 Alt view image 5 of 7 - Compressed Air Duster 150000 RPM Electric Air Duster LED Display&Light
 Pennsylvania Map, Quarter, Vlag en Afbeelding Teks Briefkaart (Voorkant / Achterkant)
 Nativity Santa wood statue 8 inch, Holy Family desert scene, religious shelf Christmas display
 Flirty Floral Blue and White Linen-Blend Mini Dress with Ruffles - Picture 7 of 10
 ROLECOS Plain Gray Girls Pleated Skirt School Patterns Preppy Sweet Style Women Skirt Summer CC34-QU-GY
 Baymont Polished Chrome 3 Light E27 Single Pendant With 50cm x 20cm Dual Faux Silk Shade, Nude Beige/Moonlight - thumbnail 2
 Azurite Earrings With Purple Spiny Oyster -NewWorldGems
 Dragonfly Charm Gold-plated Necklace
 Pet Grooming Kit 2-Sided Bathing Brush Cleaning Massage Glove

TASK TO COMPLETE:
Your answer should consist of the lines from the line with "Dragonfly Charm Gold-plated Necklace" through the last line of the data, set down exactly, both included.

EXERCISE OUTPUT:
 Dragonfly Charm Gold-plated Necklace
 Pet Grooming Kit 2-Sided Bathing Brush Cleaning Massage Glove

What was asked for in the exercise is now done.